Yang terpenting dari semua fakta kritis yang telah ditunjukkan, kapitalisme terbukti tidak mampu menjalankan gerak perekonomian dunia, yang akhirnya membentuk berbagai sumber masalah yang akan berdampak berat. Baru beberapa bulan yang lalu kaum kapitalis internasional mempertahankan rencana stimulus fiskal mereka. Tetapi dalam debat sengit pada pertemmuan G20 di Toronto, mayoritas para pemimpin kapitalis berayun ke program penghematan.
Hal yang sama juga ditunjukkan oleh kapitalisme Eropa. Kaum Konservatif Inggris dan Kanselir Jerman, Merkel Angela, juga menabuh genderang mendukung program penghematan. Tapi jalan penghematan ternyata malah semakin memperparah krisis ekonomi. Bahkan yang terjadi adalah krisis utang pemerintah akibat kebijakan bail out terhadap bank-bank dan pengucuran berbagai dana kesejahteraan.
Tidak ada yang mampu memecahkan persoalan ini. Di Inggris, sekitar 750.000 lapangan kerja di sektor publik akan menghilang, dan sebagai konsekuensinya, sekitar 600.000 lapangan kerja di sektor swasta juga akan lenyap, meskipun sektor swasta diperkirakan mampu menciptakan dua juta lapangan kerja baru. Kelemahan basis industri di Inggris ini akan menghancurkan ilusi bahwa kemampuan dalam ekspor merupakan jalan keluar dari krisis. Jerman juga mengalami hal yang sama. Meskipun memiliki banyak peningkatan dalam bidang ekspor, tetapi karena seluruh dunia mengalami deindustri, khususnya seluruh Eropa, maka tidak akan memperoleh keuntungan. Dan Cina, saat ini, masih berjalan lamban akibat terlalu panas dan runtuhnya sektor properti. Terjadi over-investasi dan kapasitas surplus yang masif. Keputusan Cina untuk merevaluasi mata uangnya ternyata hanya 0,77%, terlalu jauh dari yang diperkirakan.

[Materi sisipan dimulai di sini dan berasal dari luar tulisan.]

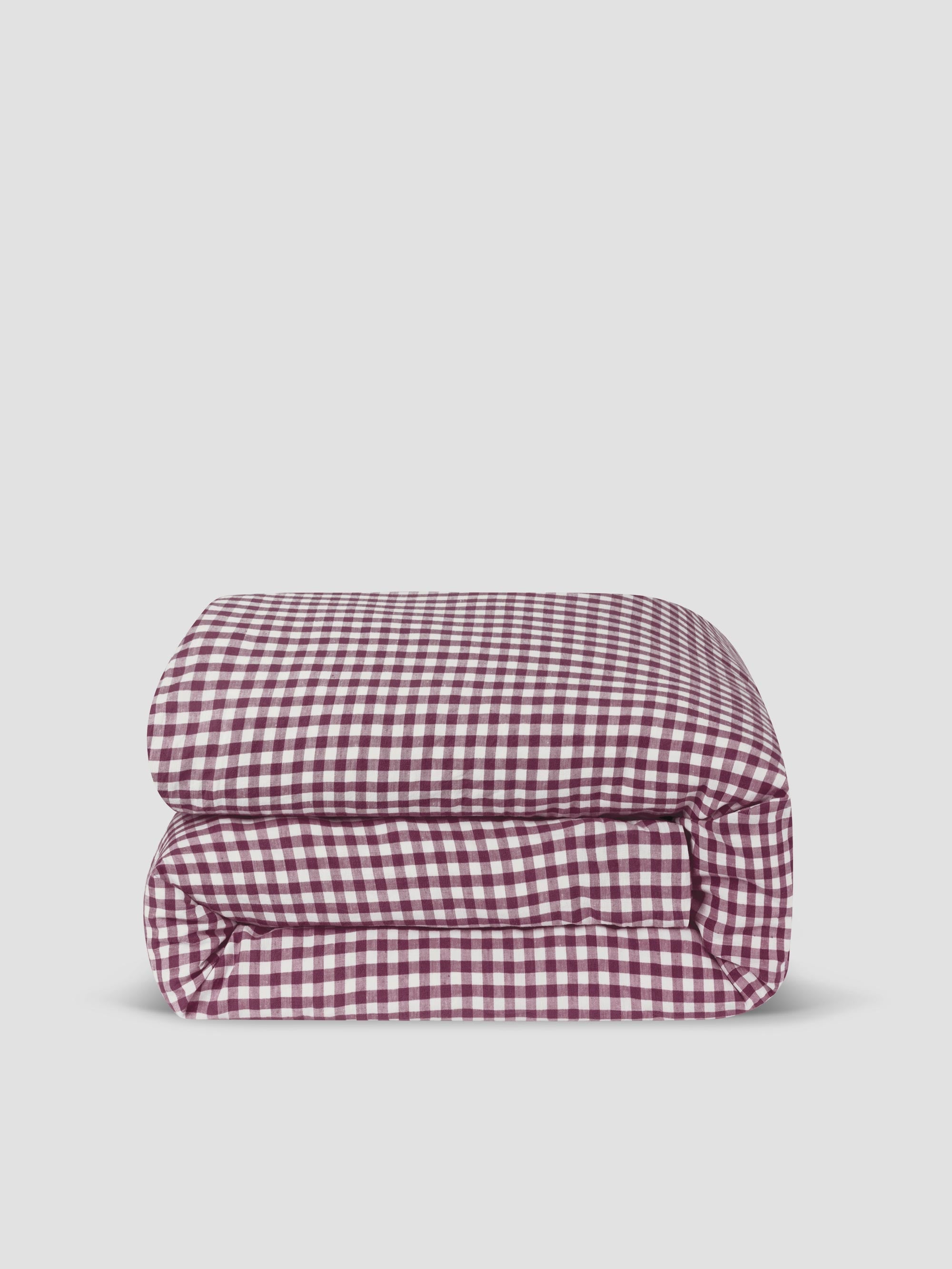 Berry Gingham 100% Linen Duvet Cover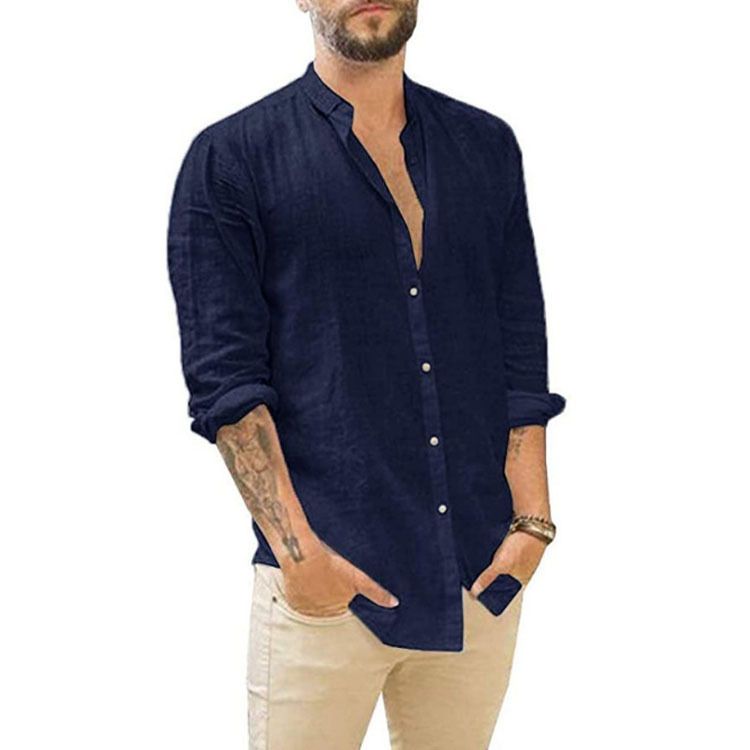 Men's White Shirts Casual Plus Size Loose Hawaii Cotton Linen Shirt Mens Streetwear Turn Down Collar Long Sleeve Shirts Blouses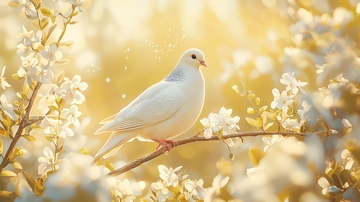 白鸽栖息在花枝上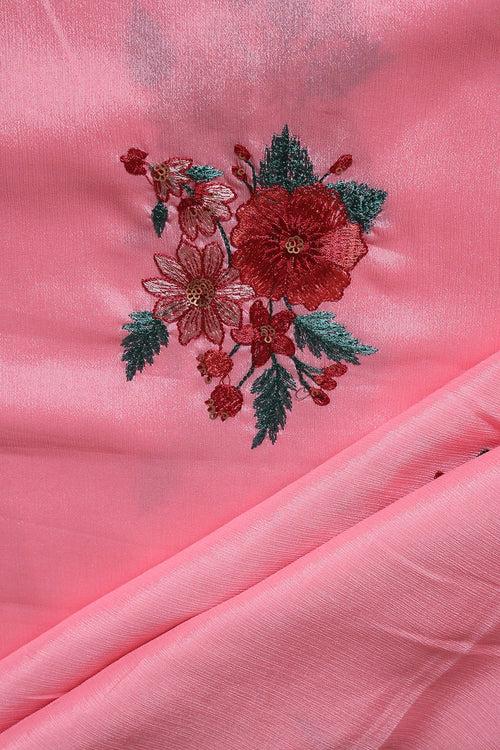 Multi Thread With Gold Sequins Floral Embroidery Work On Pink Chinnon Chiffon Fabric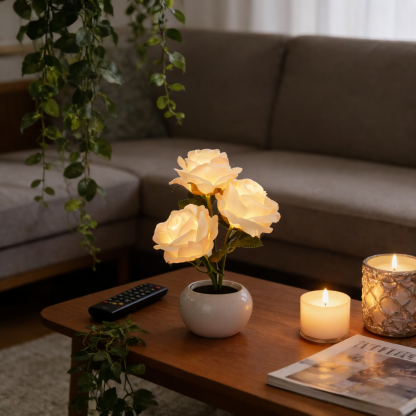 LED Pink Rose Flower Tabletop Night Light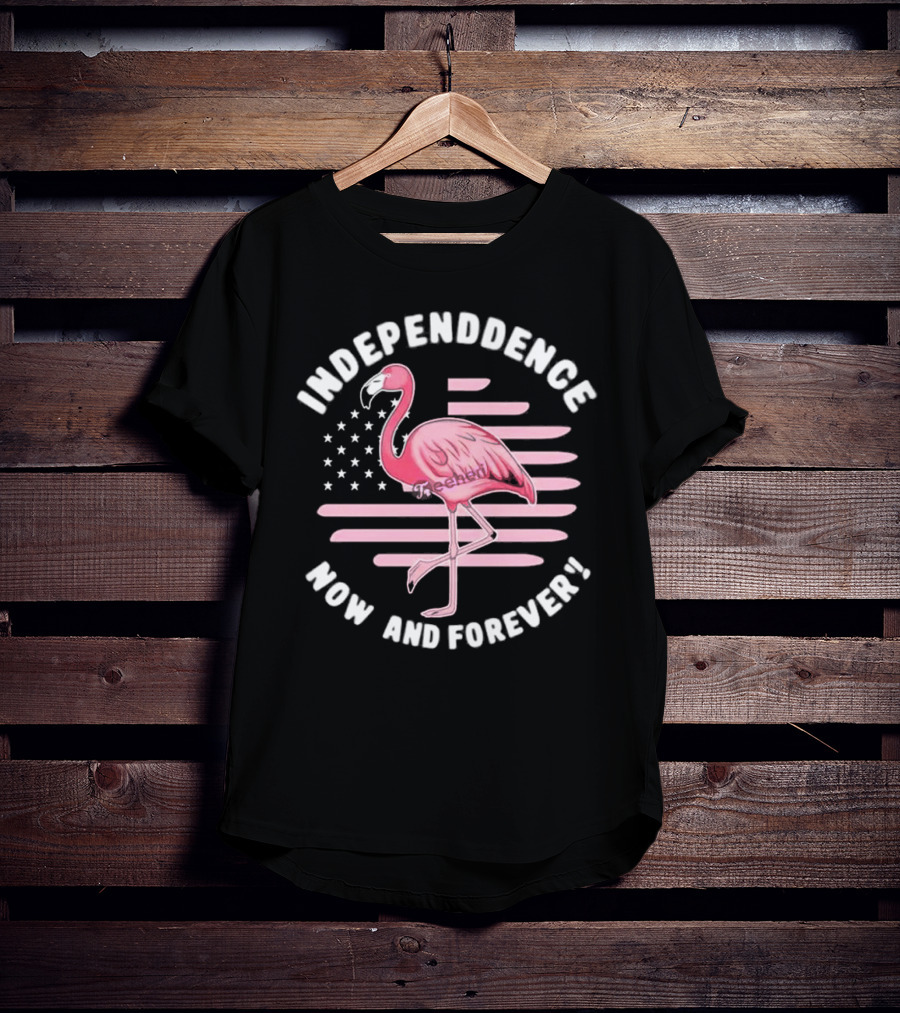 Independence Now And Forever Flamingo America Flag T-Shirt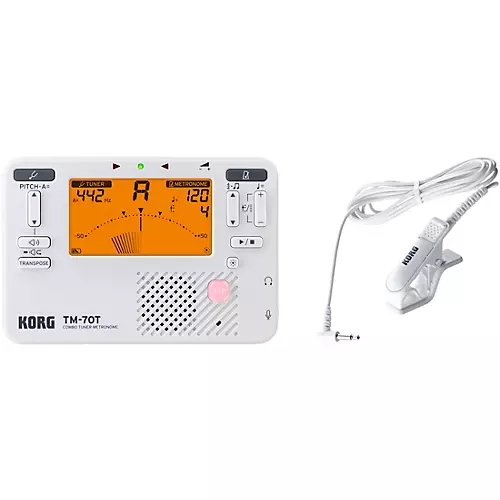 KORG TM-70 Tuner/Metronome and CM-400 Contact Microphone Combo White - musicians--Friend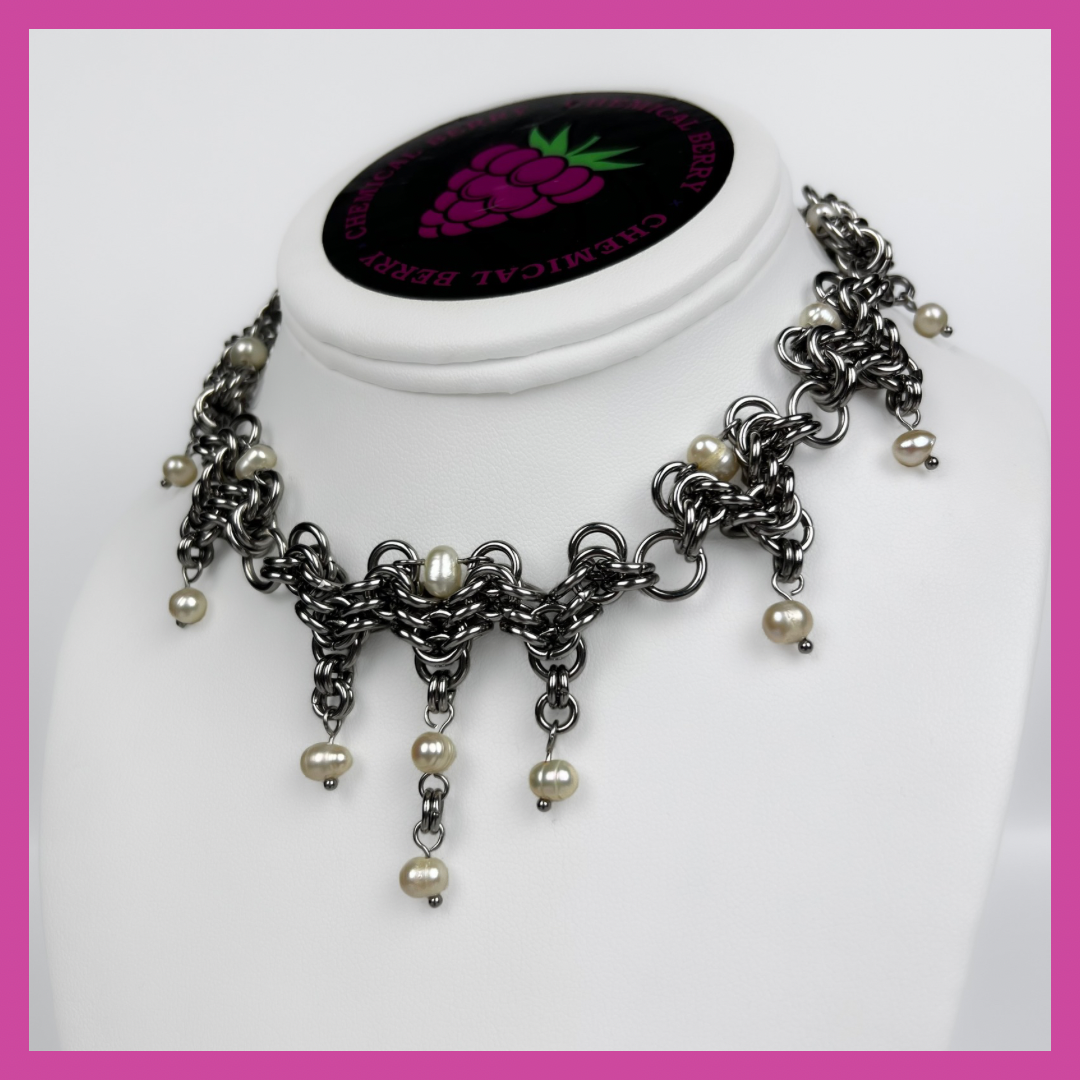 DEVOTED | STEEL & PEARL NECKLACE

Kalaupun terjadi kebangkitan ekonomi di Jerman, ini tidak akan terlihat karena sebanding dengan melonjaknya jumlah pengangguran, akumulasi kerugian dalam pendapatan dan penurunan standar kehidupan. Dengan menegakkan kebijakan neo-liberal, jutaan buruh di Eropa saat ini berada dalam kondisi yang lebih buruk dibanding sebelum krisis. Para pemilik modal akan mendorong banyak buruh ke sektor informal dan tidak aman, sehingga mereka lebih mudah untuk memecat buruh.
Pemerintah koalisi baru Inggris mencari jalan dengan menyerang kondisi kelas buruh. Rencana pemotongan brutal akan memotong pembayaran redundansi bagi seluruh sektor publik dan pegawai negeri sipil menghadapi pengurangan hak pensiun. Ada serangan di seluruh Eropa atas dana pensiun. Di Perancis, Presiden Sarkozy ingin menaikkan usia pensiun menjadi 62 hingga tahun 2018. Anatole Kaletsky, dalam majalah Times (London), meratapi fakta bahwa masyarakat hidup terlalu lama setelah pensiun. Dia menyarankan agar dana pensiun hanya dibayar selama 10 tahun setelah pensiun dan orang-orang yang hidup lebih lama harus kehilangan hak mereka.
Mengenai situasi di Yunani, Jesus mengatakan bahwa Yunani merupakan mata rantai terlemah dari kapitalisme Eropa. Kaum kapitalis Eropa melihat Yunani sebagai sebuah stress test dari kemampuan perlawanan kelas buruh. Terdapat serentetan propaganda bohong yang tak terduga. Kaum buruh meresponnya dengan enam pemogokan umum. Kelas buruh di Yunani sekarang sedang mencerna pengalamannya dan akan "menunggu hingga musim gugur", saat suhu politik benar-benar memanas.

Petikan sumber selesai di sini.